[RECORDS FOR PROCESSING Boundary: Start]
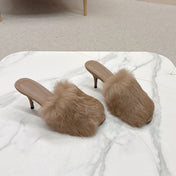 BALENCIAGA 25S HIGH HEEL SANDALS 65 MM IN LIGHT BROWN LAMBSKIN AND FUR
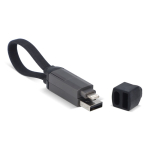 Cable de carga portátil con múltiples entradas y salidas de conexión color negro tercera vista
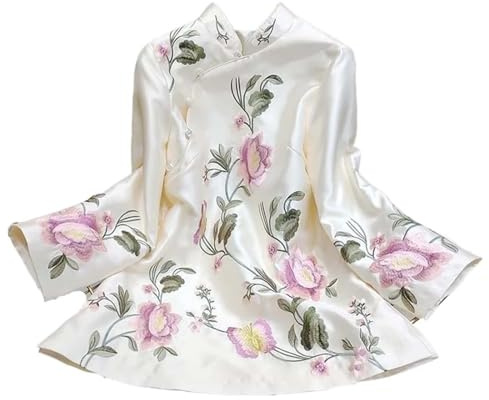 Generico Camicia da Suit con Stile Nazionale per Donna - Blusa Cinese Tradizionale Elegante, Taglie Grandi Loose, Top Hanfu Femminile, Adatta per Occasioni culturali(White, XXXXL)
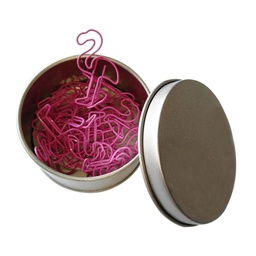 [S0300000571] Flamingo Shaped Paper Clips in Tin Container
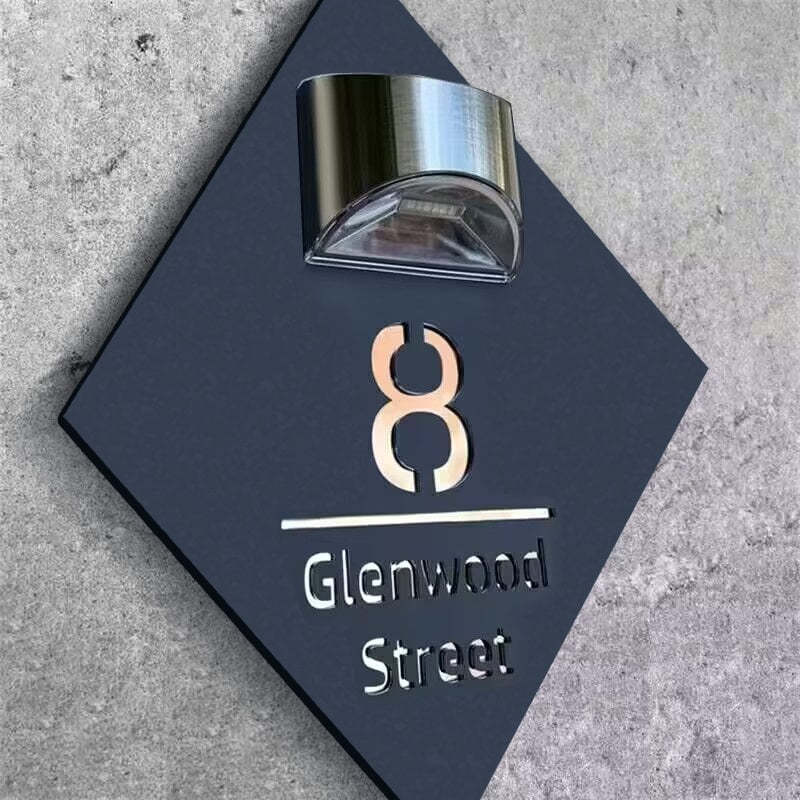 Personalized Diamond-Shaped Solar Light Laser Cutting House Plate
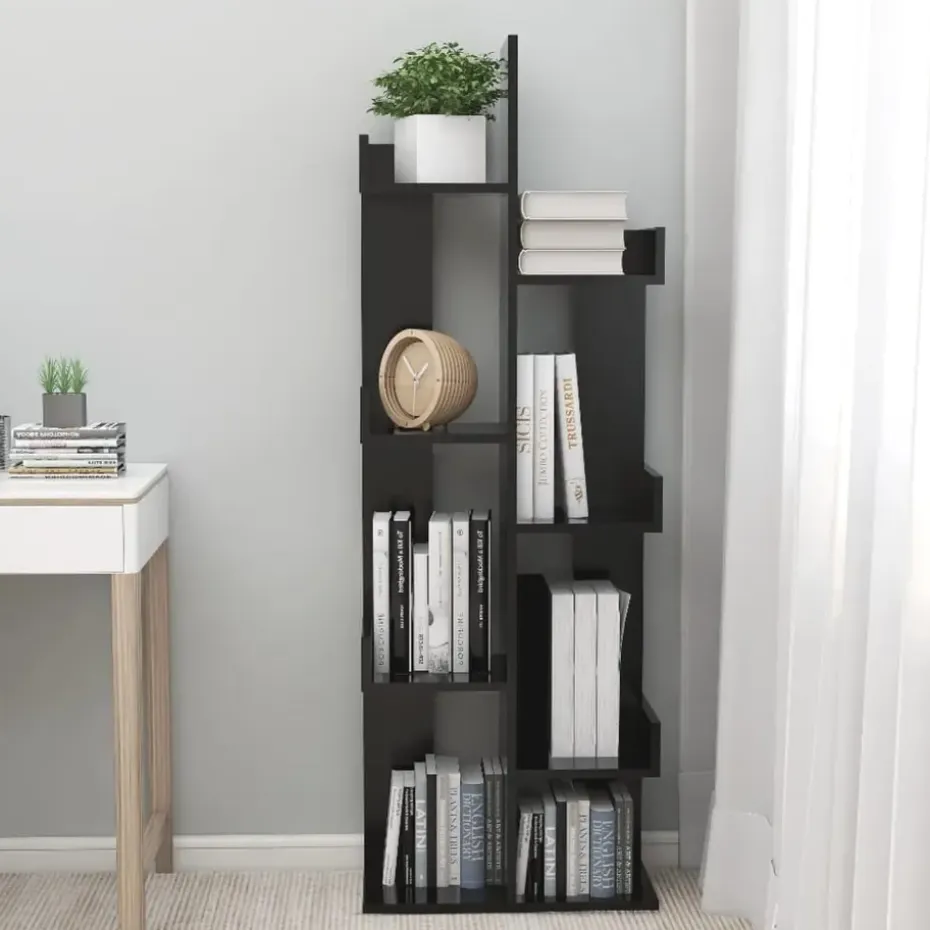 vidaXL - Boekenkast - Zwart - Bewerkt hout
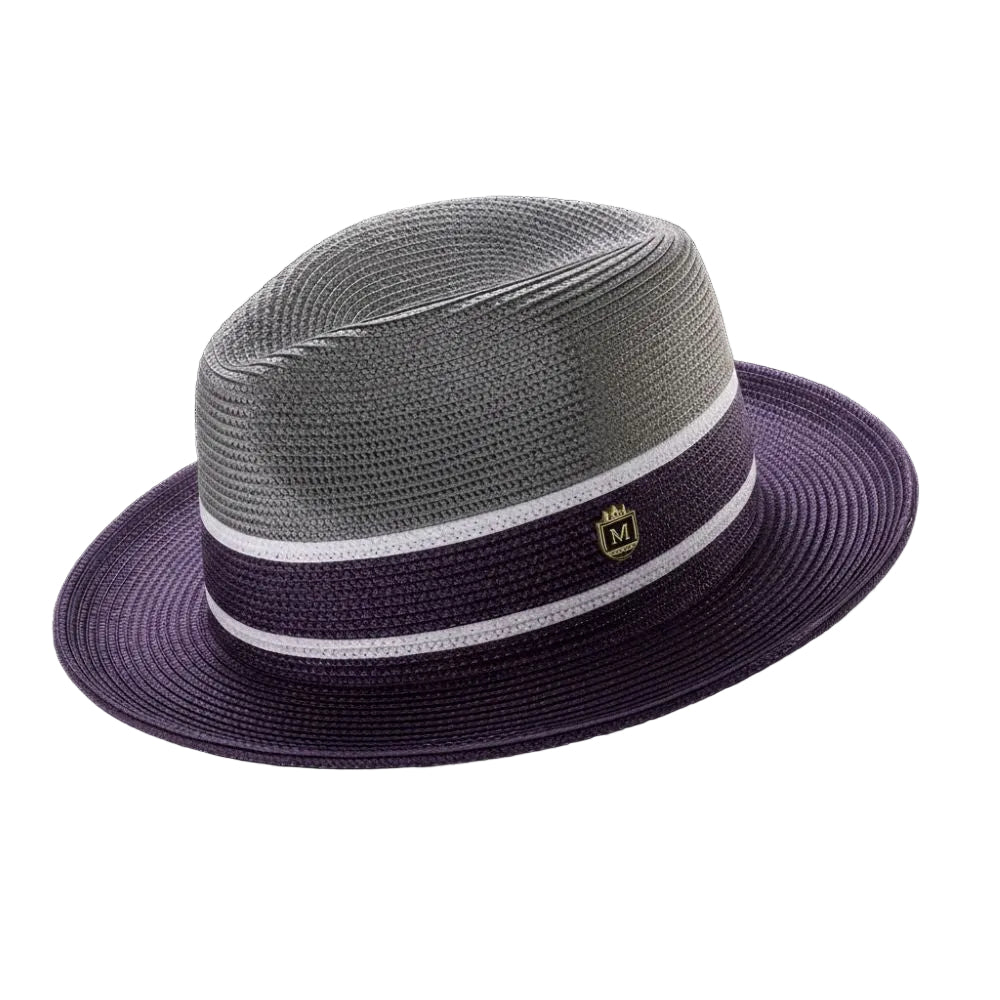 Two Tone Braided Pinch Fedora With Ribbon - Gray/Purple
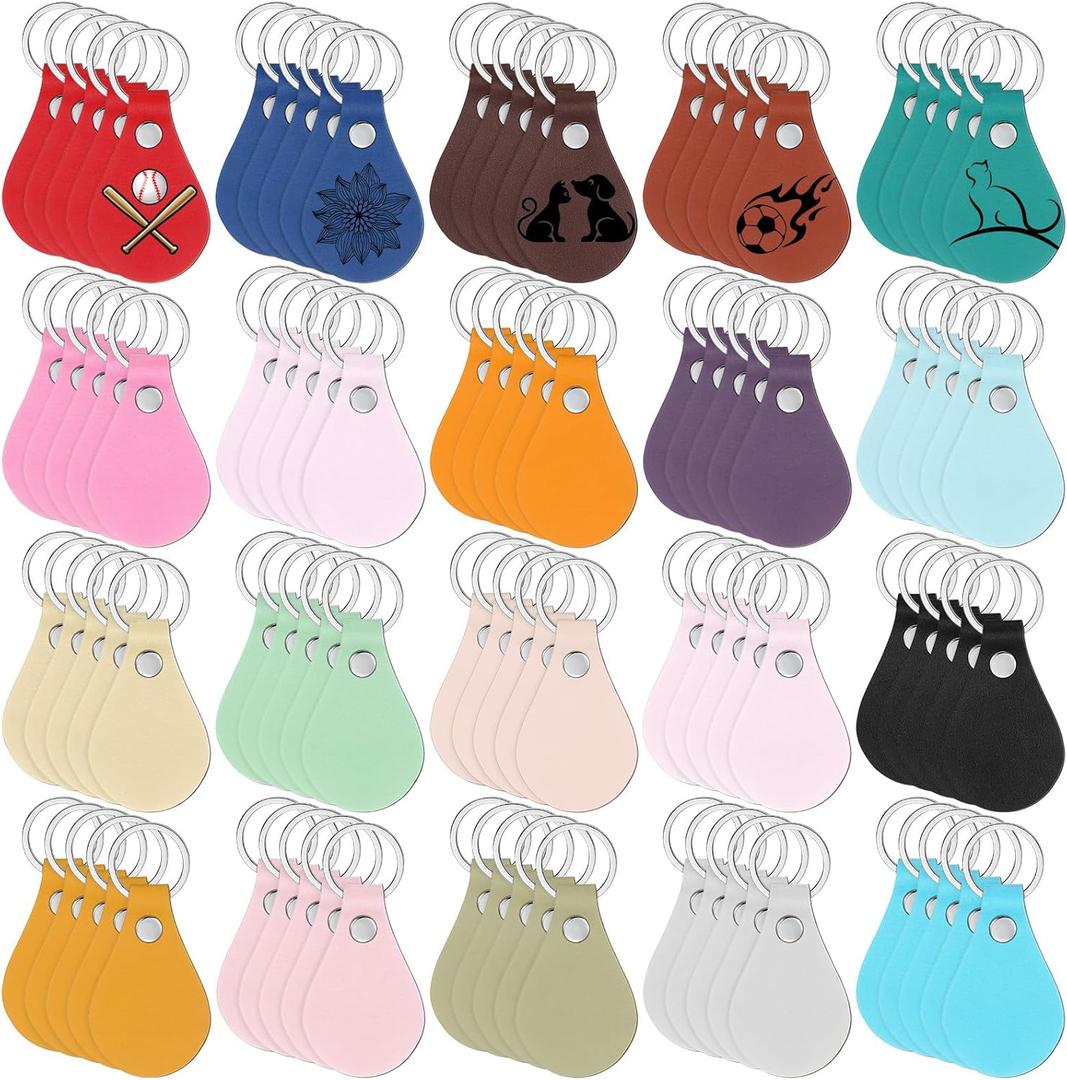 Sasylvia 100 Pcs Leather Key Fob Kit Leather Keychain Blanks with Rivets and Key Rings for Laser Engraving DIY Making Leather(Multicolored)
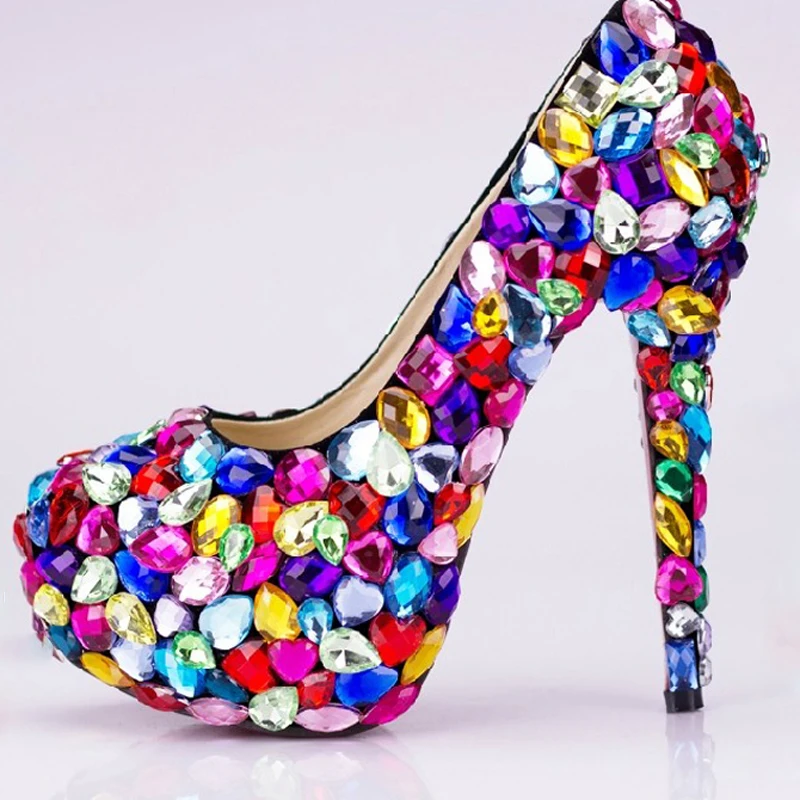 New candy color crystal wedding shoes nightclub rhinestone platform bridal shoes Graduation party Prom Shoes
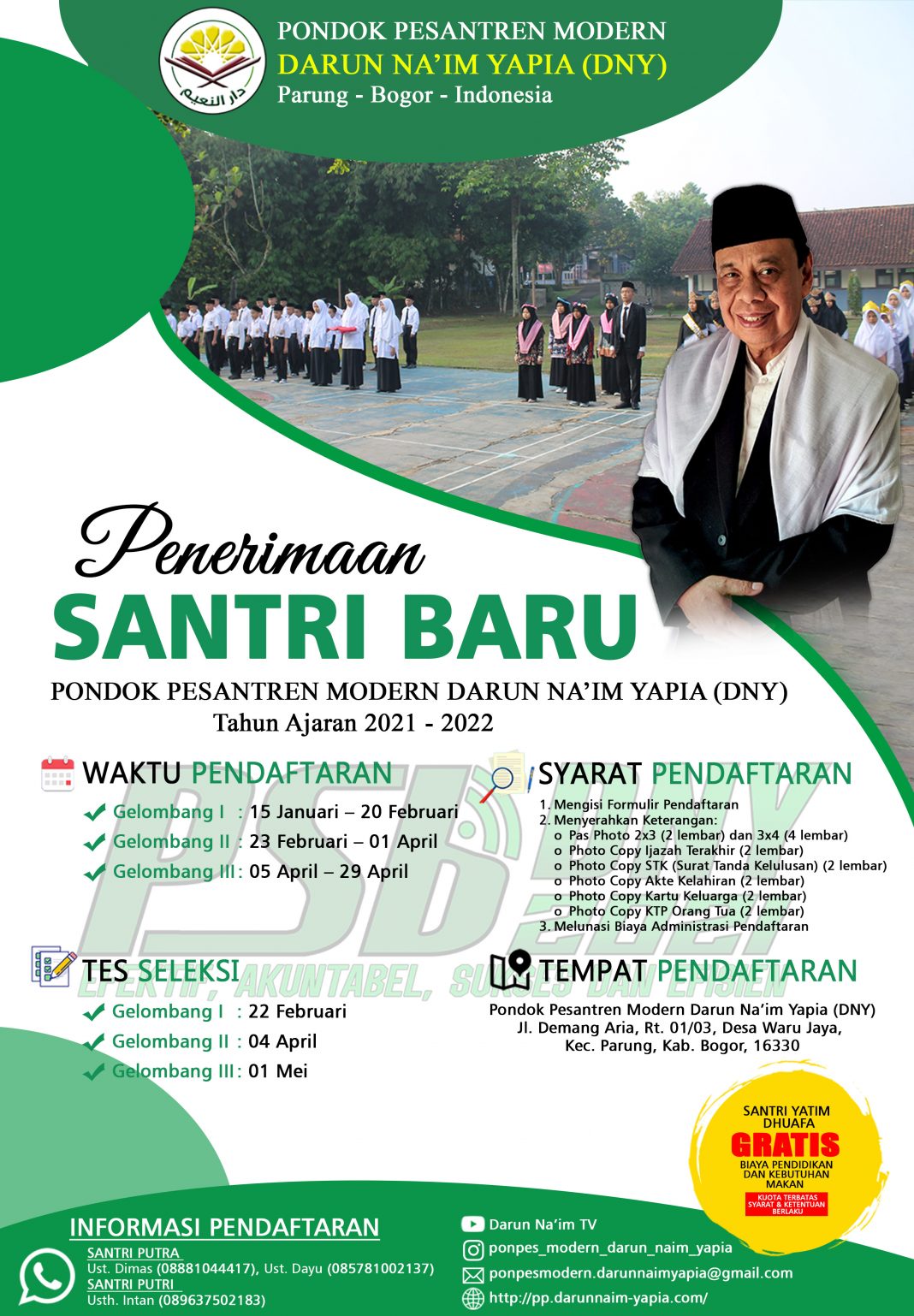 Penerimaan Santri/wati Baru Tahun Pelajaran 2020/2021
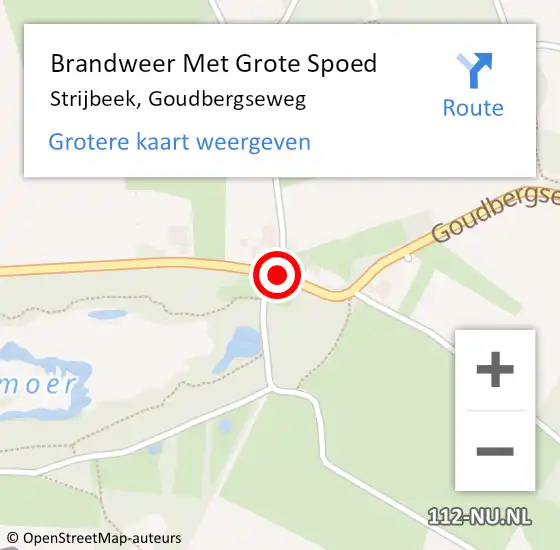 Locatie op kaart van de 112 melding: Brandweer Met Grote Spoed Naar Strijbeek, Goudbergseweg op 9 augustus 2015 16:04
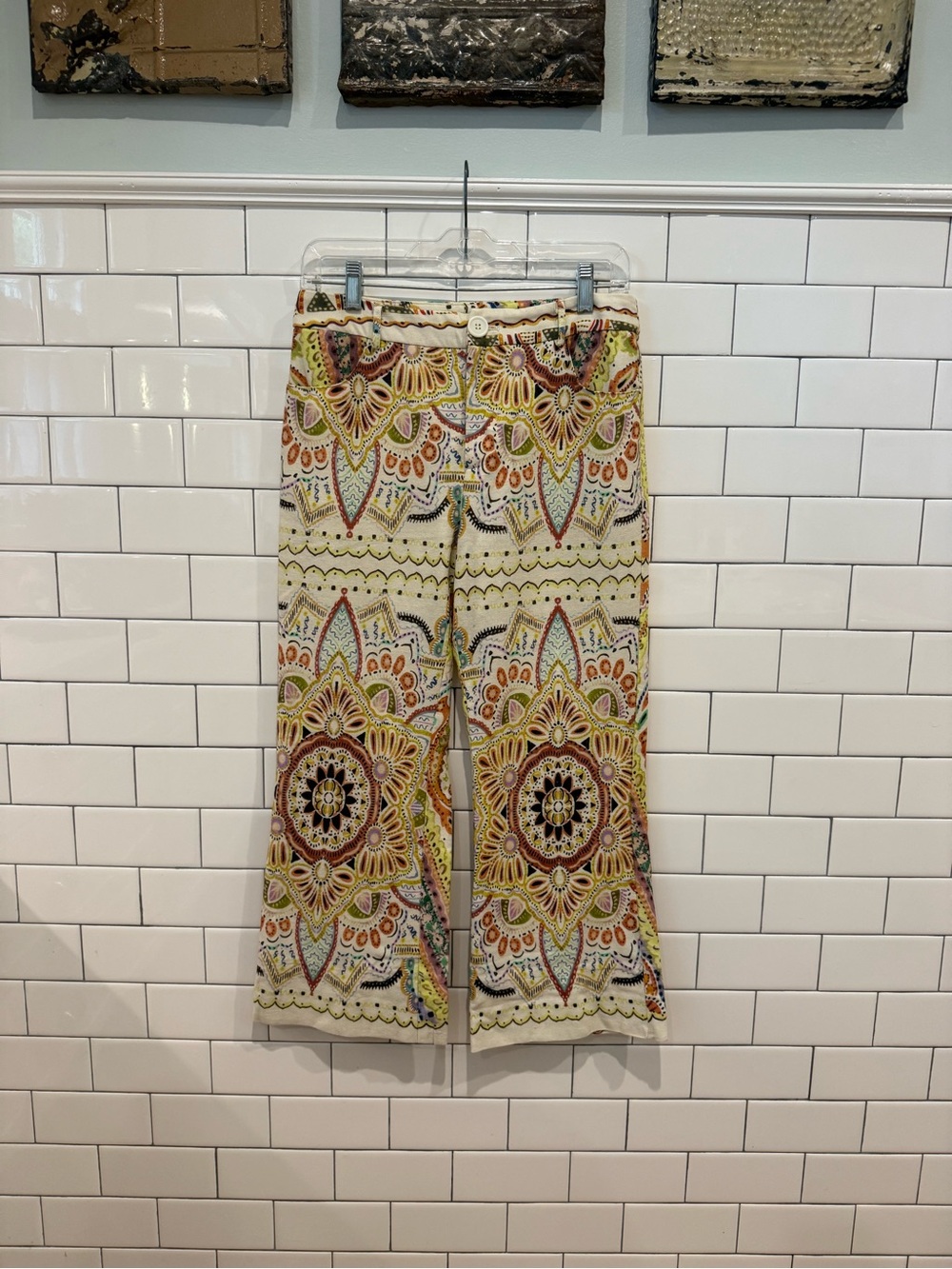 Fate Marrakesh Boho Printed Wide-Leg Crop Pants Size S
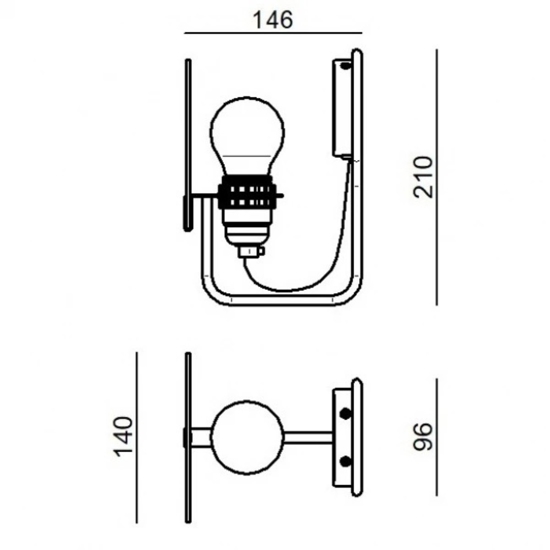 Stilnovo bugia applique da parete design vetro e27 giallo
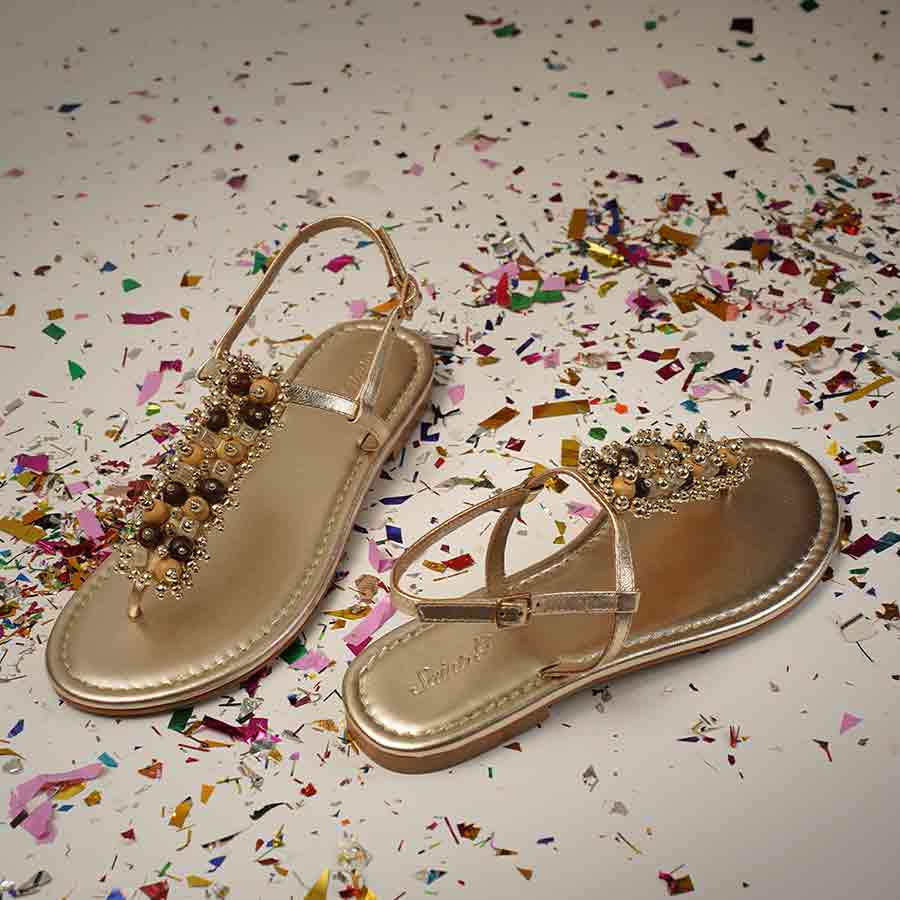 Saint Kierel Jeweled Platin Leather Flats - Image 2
[RECORDS FOR PROCESSING Boundary: End]
◆ **PROBLEM TO WORK ON**: The lines from the start of the data through the line that contains "[S0300000571] Flamingo Shaped" are to be returned exactly, please, with both ends included and every picture left out.

◆ **ANSWER FOR THIS EXERCISE**:
 BALENCIAGA 25S HIGH HEEL SANDALS 65 MM IN LIGHT BROWN LAMBSKIN AND FUR
 Cable de carga portátil con múltiples entradas y salidas de conexión color negro tercera vista
 Generico Camicia da Suit con Stile Nazionale per Donna - Blusa Cinese Tradizionale Elegante, Taglie Grandi Loose, Top Hanfu Femminile, Adatta per Occasioni culturali(White, XXXXL)
 [S0300000571] Flamingo Shaped Paper Clips in Tin Container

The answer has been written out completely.